Your instructions: Transcribe exactly, leaving out pictures, the lines from the one that holds "2004 CHEVROLET SILVERADO image" through the end of the data below, including both end lines and no others.

Dataset:
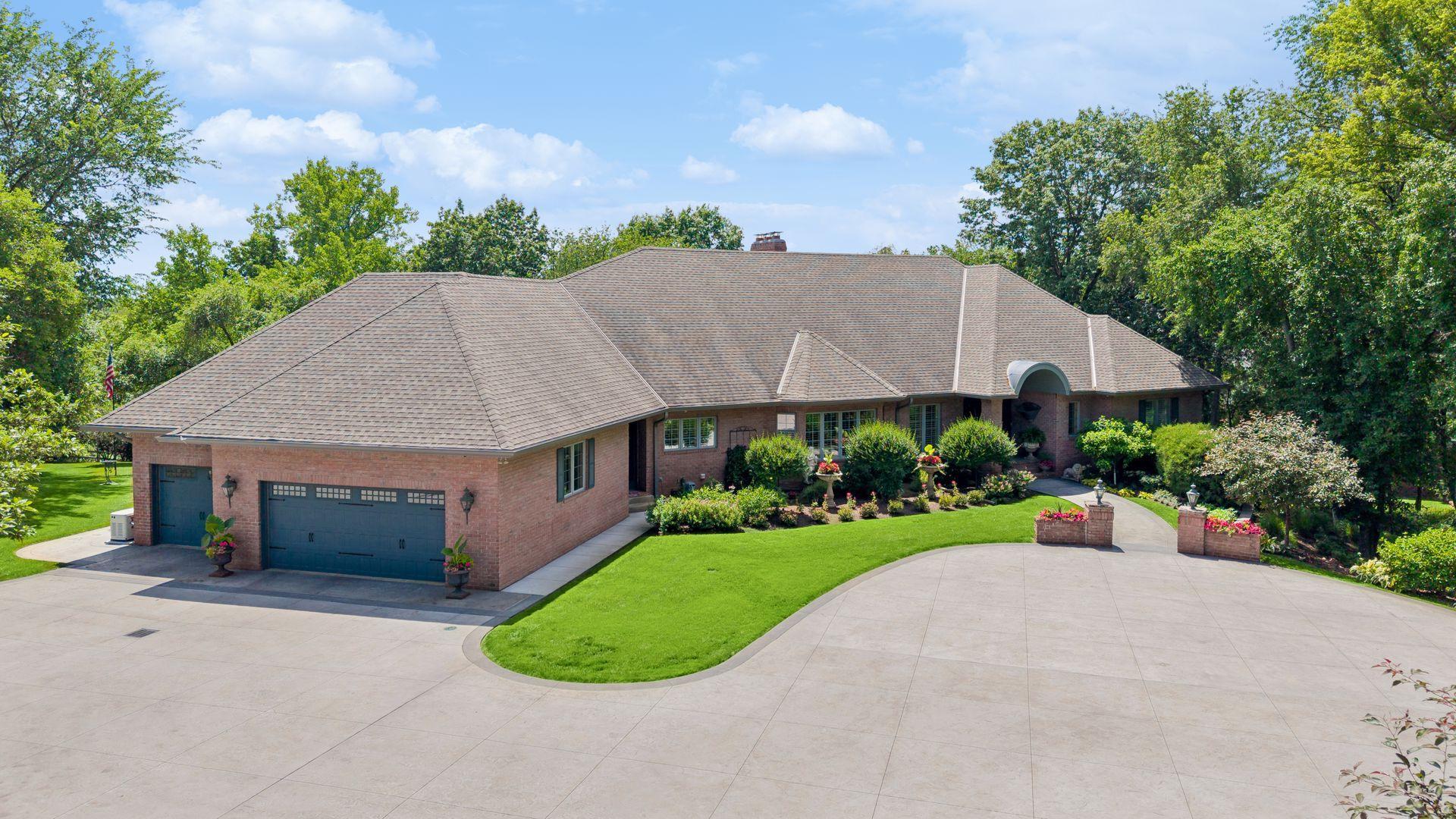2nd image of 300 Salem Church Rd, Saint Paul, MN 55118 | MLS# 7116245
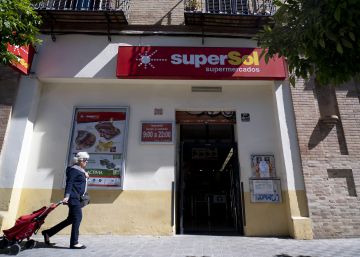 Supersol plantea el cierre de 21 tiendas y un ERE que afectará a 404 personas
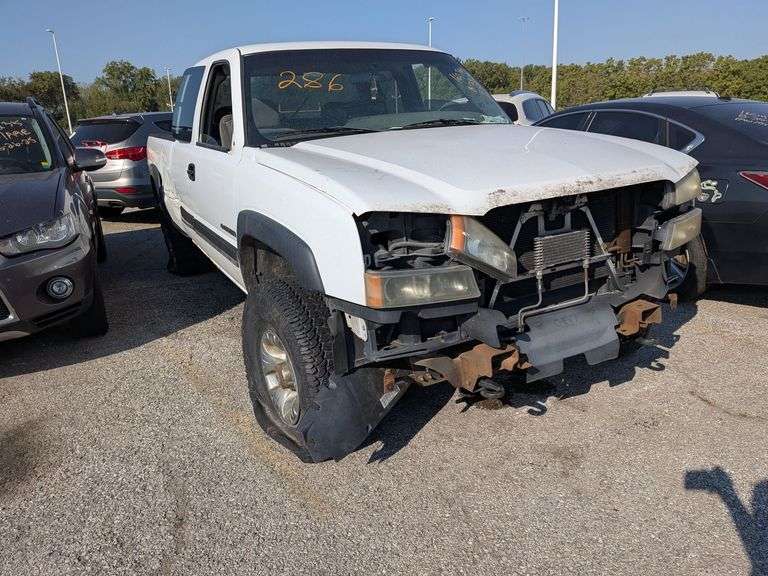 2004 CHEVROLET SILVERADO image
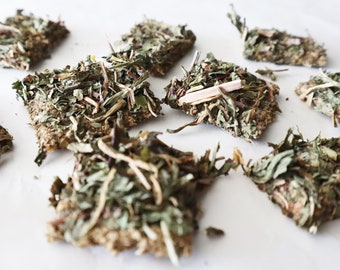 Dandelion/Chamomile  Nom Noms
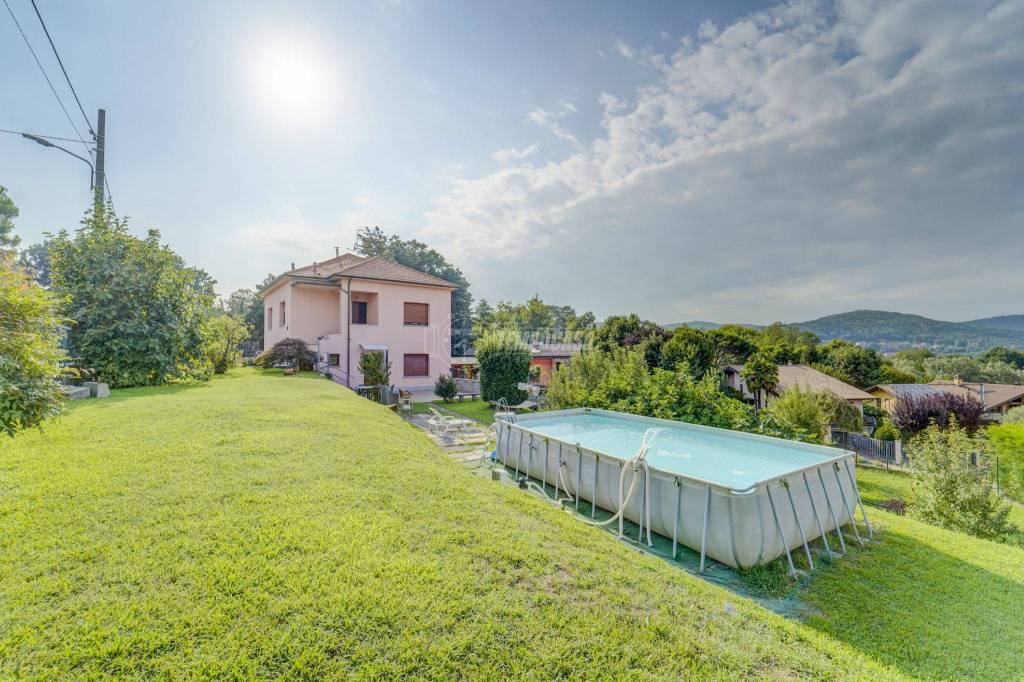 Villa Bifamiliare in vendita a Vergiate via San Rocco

Your response:
 2004 CHEVROLET SILVERADO image
 Dandelion/Chamomile  Nom Noms
 Villa Bifamiliare in vendita a Vergiate via San Rocco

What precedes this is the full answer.